PROBLEM DETAILS – Exact reproduction, images excluded: write out the records below.

STORED DATA –
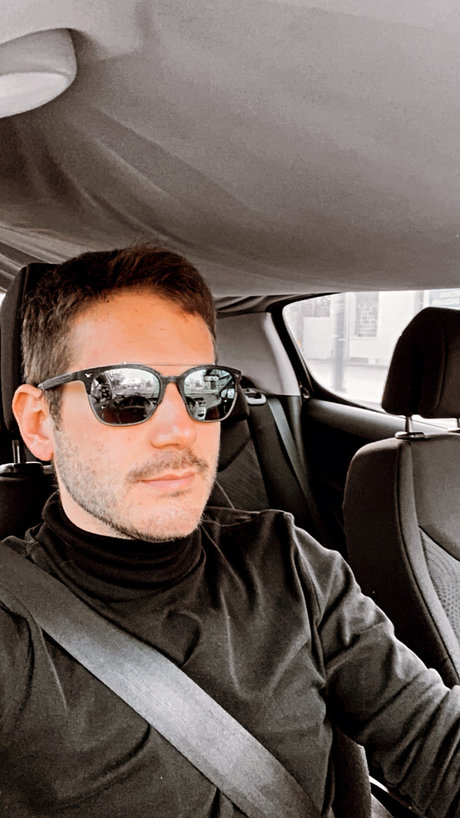 Naakte gelekte OnlyFans-foto van Petros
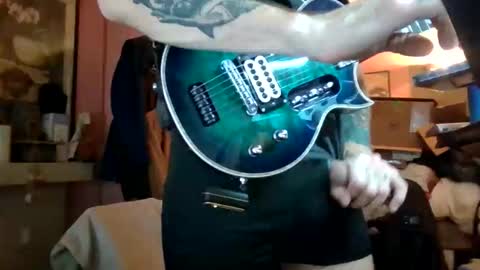 Snapshot of polishrifle3 chatting on 10/21/25, 02:56 jaws online show from 10/21/25, 02:56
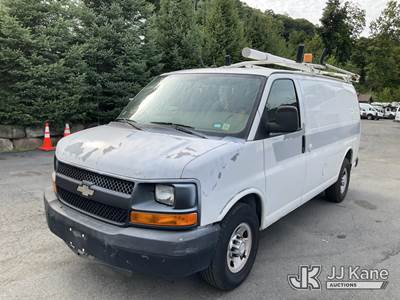 2011 Chevrolet Express G2500 Cargo Van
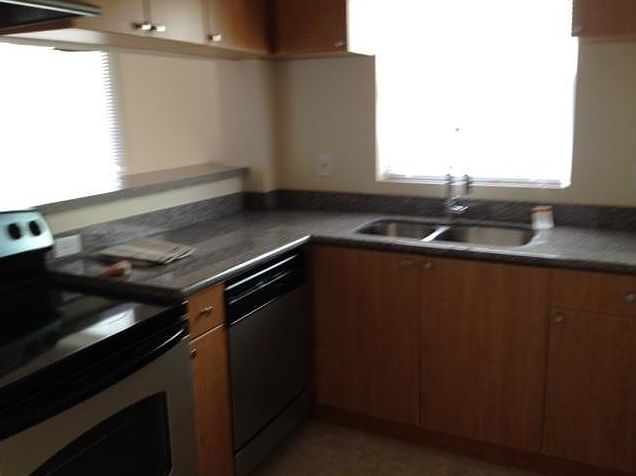 2nd image of 950 Bay Dr #106A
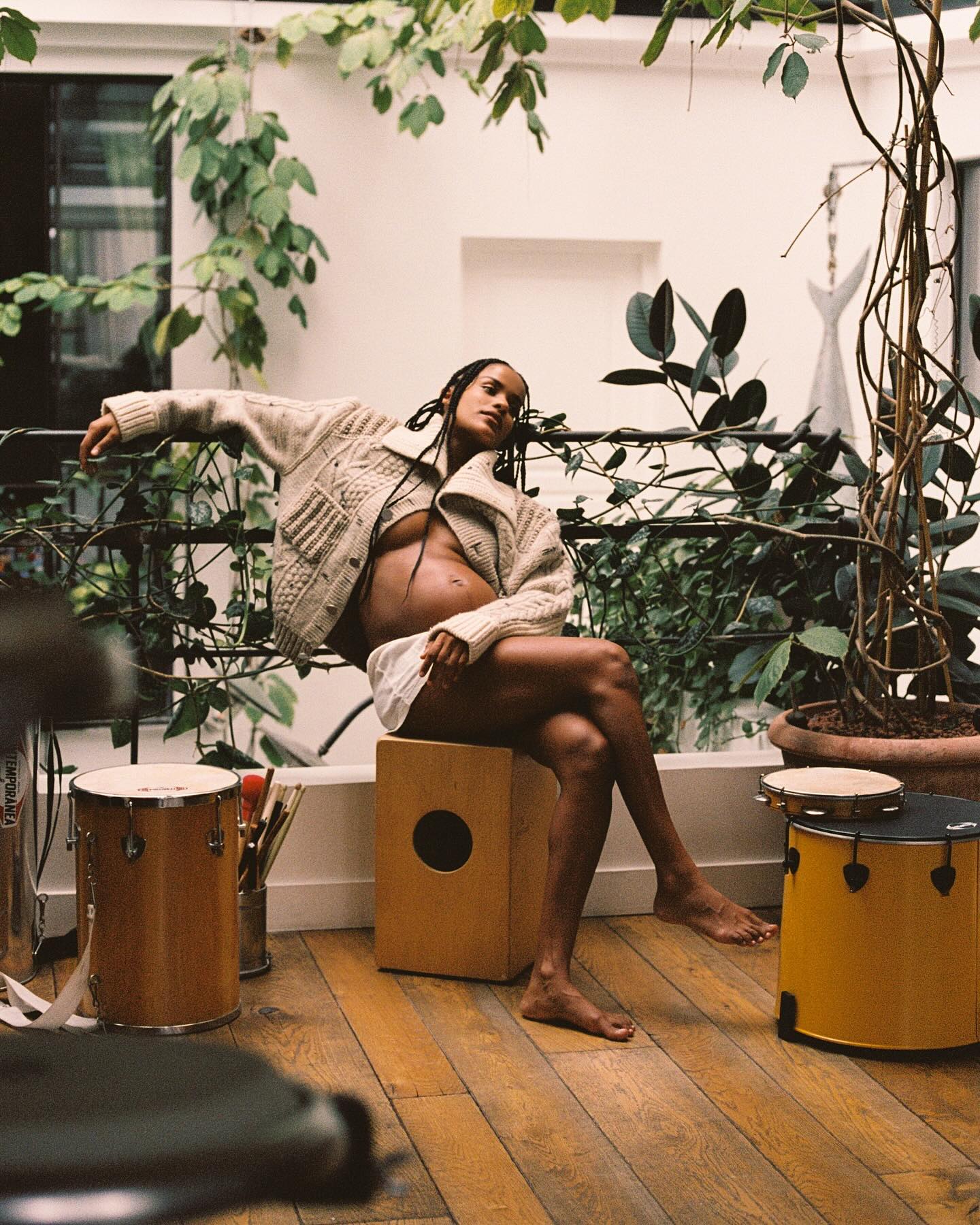 Дівчина Венсана Касселя показала перші фото новонародженого сина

EXERCISE OUTPUT –
 Naakte gelekte OnlyFans-foto van Petros
 Snapshot of polishrifle3 chatting on 10/21/25, 02:56 jaws online show from 10/21/25, 02:56
 2011 Chevrolet Express G2500 Cargo Van
 2nd image of 950 Bay Dr #106A
 Дівчина Венсана Касселя показала перші фото новонародженого сина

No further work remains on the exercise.